The Wachowskis short-circuited audiences with the misunderstood Matrix Reloaded
In 2003, the Wachowski sisters delivered a Matrix sequel that's subversive and thrilling

Watch This offers movie recommendations inspired by new releases, premieres, current events, or occasionally just our inscrutable whims. This week: Against all odds, the event-movie movie season is in full swing, so it’s time once again to look back on unsung summer blockbusters—the flops, the critical bombs, or the merely forgotten Hollywood spectacles that deserve to be rescued from the trash bin of movie history.

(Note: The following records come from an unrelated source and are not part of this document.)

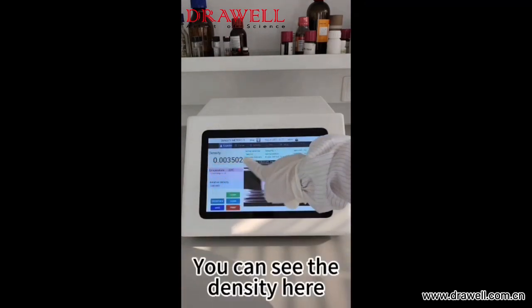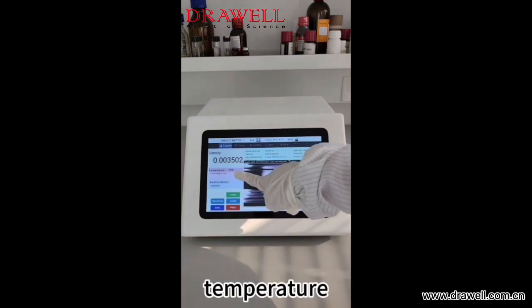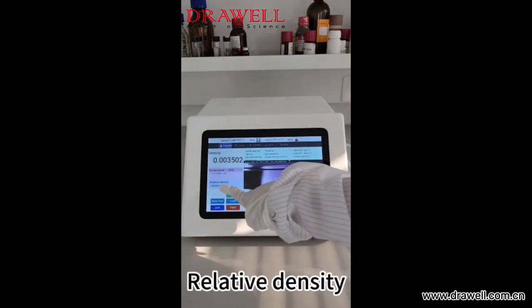You can see the density here, as well as the temperature and relative density.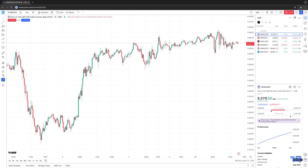Hello, welcome fellow traders. A&P Futures here presenting another how-to video. In today's idea, we're going to demonstrate how to access market replay across all the charts that you have visible within your TradingView workspace.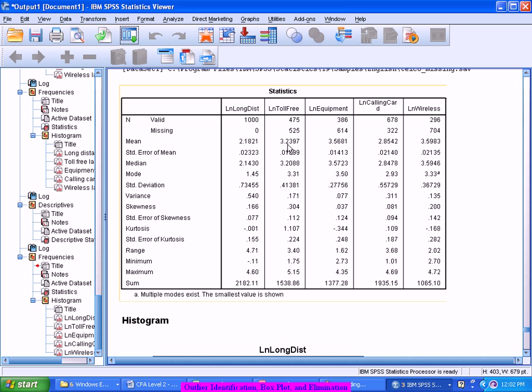Now if something is outside, so probably 3 standard deviations is 3 into 0.41, probably 1.2, 1.3. 3 standard deviations is around 1.23 something. 3.23 plus 1.23, 4.46, something like that. Any value which is beyond that 4.46 should be treated as outlier. If I am doing it theoretically, it goes like that. Or probably on the lower side also like that only.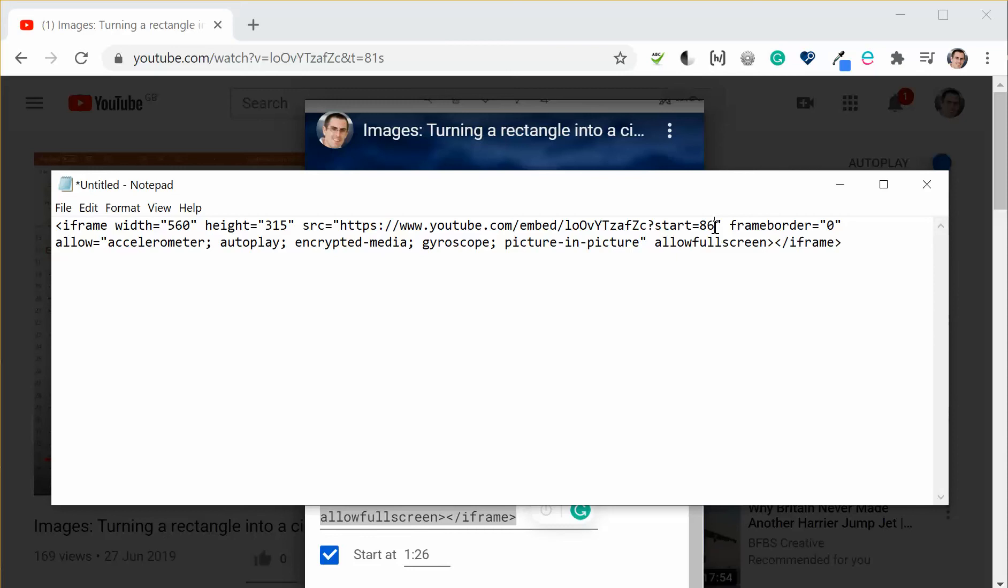So this will now embed a video, it will start at 86 seconds and it will then play to the very end. If I actually want to stop it before it gets to the end I can change this code by adding a semicolon. I then type in end equals and then I enter the number of seconds that I wanted to end at.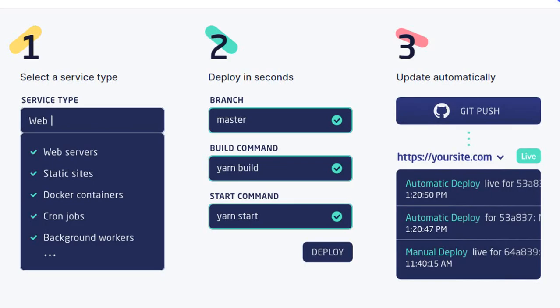And there you have it a comprehensive guide to deploying Node.js applications on render. Its intuitive interface seamless deployment process and robust management tools make it a compelling alternative to Heroku.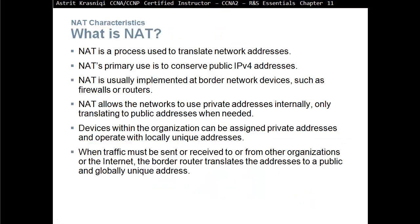NAT, Network Address Translation, is a process used to translate network addresses. NAT's primary use is to conserve public IPv4 addresses. NAT is usually implemented at a border network device such as a firewall or router, allowing the network to use private addresses internally and only translate to public addresses when needed. When devices need to communicate with another organization or access the internet, those private addresses need to be translated into a public, globally unique address.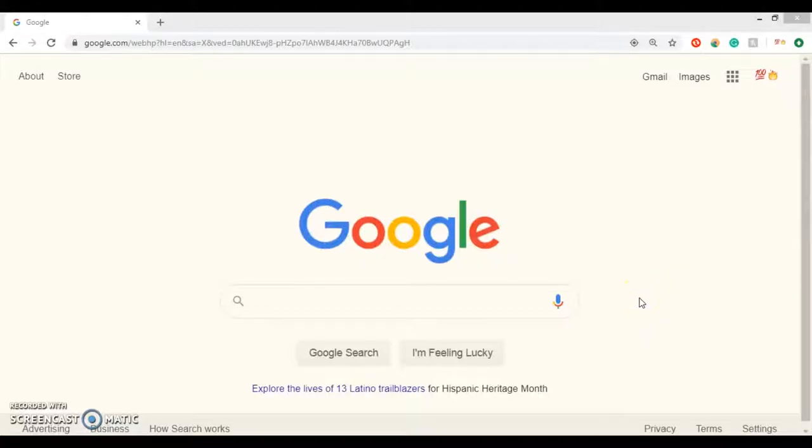Hello everyone and welcome to my 3D modeling class. I will show you how to log into Canvas. Usually what I like to use is Google Chrome.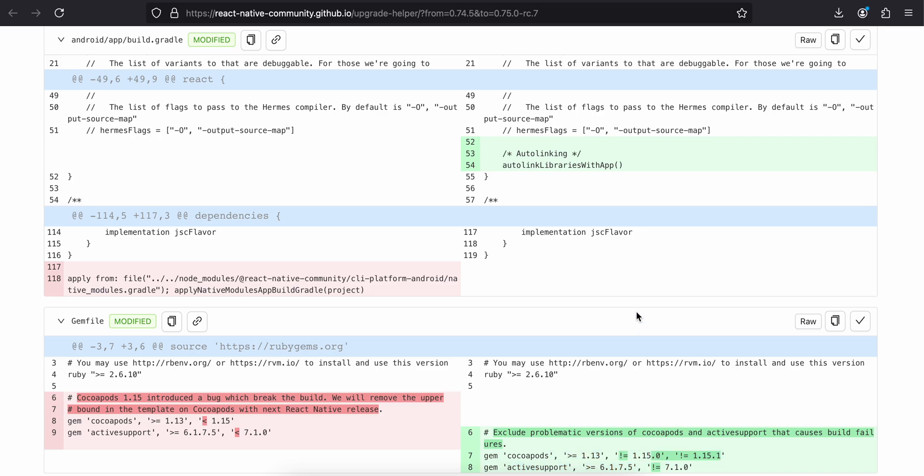So yeah, that's all. These are the new changes for React Native 0.75. Do let me know your thoughts in the comments. Thank you for watching. Bye.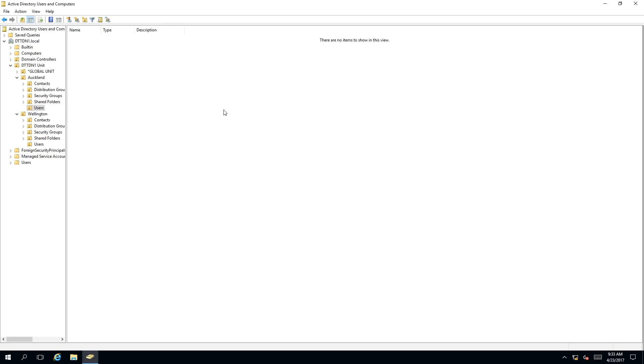Please note that deleting this user will remove the user completely, and you cannot get this user back. So please use this with caution.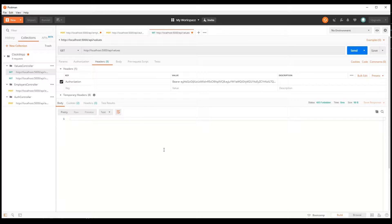In the next video, we're going to start adding policies and protecting APIs using policies. I'll see you then.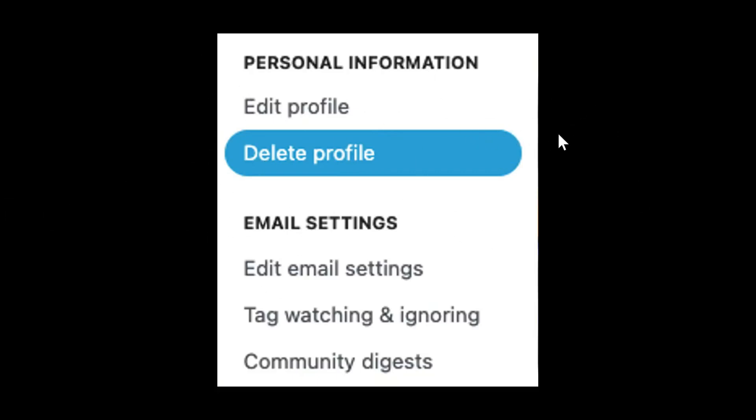After that it will prompt you to a confirmation of deleting your profile. You need to confirm that you want to actually delete it, so you need to click on delete.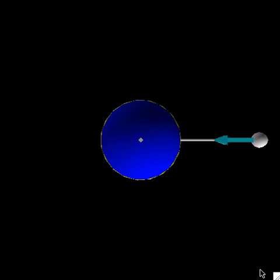However, moon has also revolved one complete revolution about Earth. Because the rate of rotation about its own axis is equal to the rate of revolution about Earth, we always see the same side of moon.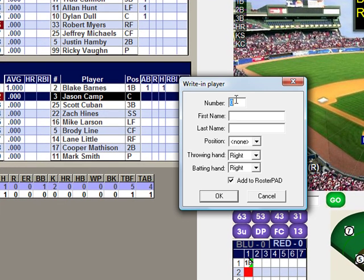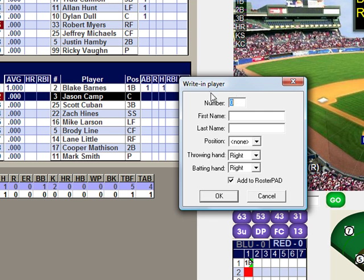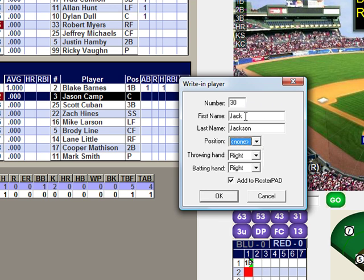Select write-in and a write-in player prompt box will appear where you can enter the appropriate information. For this example we will enter number 30, Jack Jackson. You do not need to enter a position — just make sure you have the player's jersey number and first and last name, then click OK.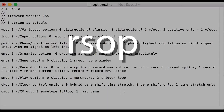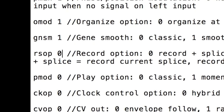Set the record option to 0 for original behavior, in which a press and release of record begins recording into the current splice, and record plus splice begins recording into a new splice.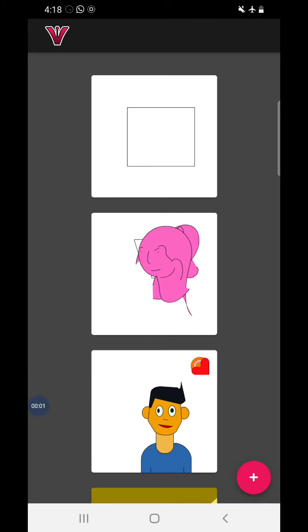Welcome to Anurta's Creative Learners. Today we will learn how to use the Vector Ink app. This is the app you can download from the Play Store. The link is given.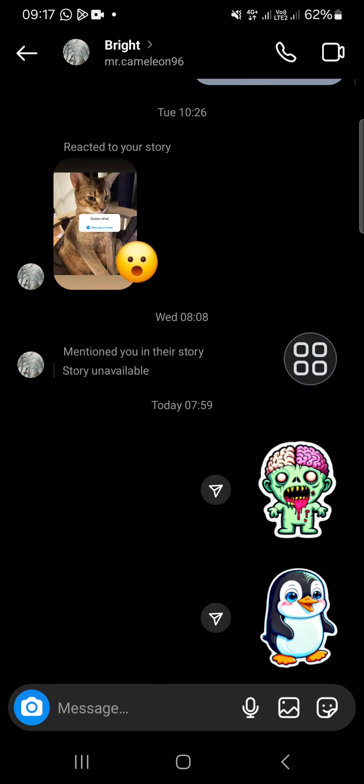And that's how we can create a custom sticker with the AI feature on Instagram chat. I hope this video will be useful for you. Thank you so much for watching, and see you in the next video.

The Matrix Reloaded (2003)
Between 1999 and 2003, The Matrix was done to death. Lana and Lilly Wachowski’s innovations could be seen in low-rent parodies like Kung Pow!: Enter The Fist and bullet-time-heavy video games like Max Payne. Slick kung fu, black leather trench coats, and techno were everywhere. So how would the writer-directors make a sequel to the most influential film of its time? Simple. They’d break The Matrix.
With expectations rivaled only by the Star Wars prequels, it’s no wonder that audiences rejected Reloaded and Revolutions. Though it made lots of money and scored decent reviews, the second film caught a backlash, which manifested in lackluster box office performance for the third one. A quick Google search shows how the films are viewed today, with endless articles about how to fix the sequels and what went wrong. It’s a shame, because The Matrix Reloaded is the work of two directors trying to unplug people from the mechanics of Hollywood filmmaking by deconstructing their own mythology.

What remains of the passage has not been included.